The architect has won the contract for charitable developer SAFE Regeneration’s six-acre Destination Bootle project along the Leeds-Liverpool Canal.
Ellis Williams was appointed to masterplan the area through the Construction Impact Framework, and aims to submit a planning application by the end of March.
SAFE Regeneration is a successful community social enterprise and arts organisation located in a former primary school, now St Mary’s Complex. The current SAFE site already houses workshops, studios, business incubation units and community arts programmes as well as its own microbrewery and community pub, The Lock and Quay. It is also host to multiple community initiatives including the popular Bootle Music Festival.
Under the banner #DestinationBootle, SAFE intends to change the perception of this unique stretch of the Leeds-Liverpool Canal into a green, vibrant live-work community responding to the needs of its residents.

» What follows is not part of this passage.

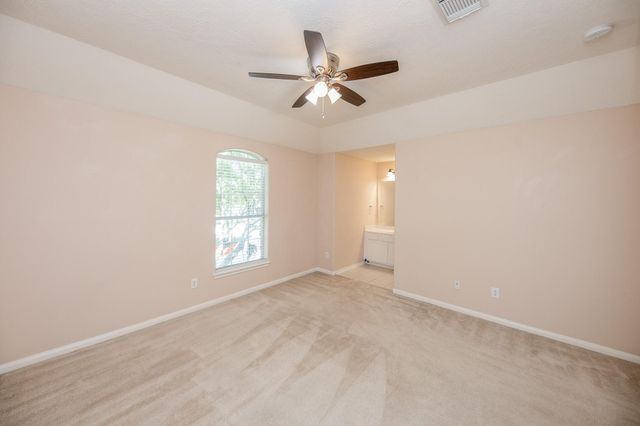 14203 Alamosa Court, Sugar Land, TX 77498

The masterplan will provide over 100 new homes within a community focused landscaped public realm linking the existing surrounding communities with the heritage canal frontage. Accommodation will include family townhouses, one- and two-bed apartments and an 80-bed extra care facility, in a mixture of housing tenures that includes affordable and shared ownership.
Homes will be arranged around an 18,500 sq ft purpose-built Hub Building and The Lock and Quay, which will be refurbished and extended to 7,500 sq ft, incorporating B&B accommodation.
Ground source heating and solar energy systems are designed to meet 99% of the site’s estimated energy requirements.
The project advisory team includes Clancy Consulting, SI Sealy, and BCA Landscape Architects. SAFE Regeneration is delivering the project in partnership with Sefton Council, Regenerus and the Canal & Rivers Trust. The project has the support of Homes England and Liverpool City Region Combined Authority.
The project sits alongside the Leeds-Liverpool canal and close to the North Liverpool docks. It is situated nearby the Strand Shopping Centre.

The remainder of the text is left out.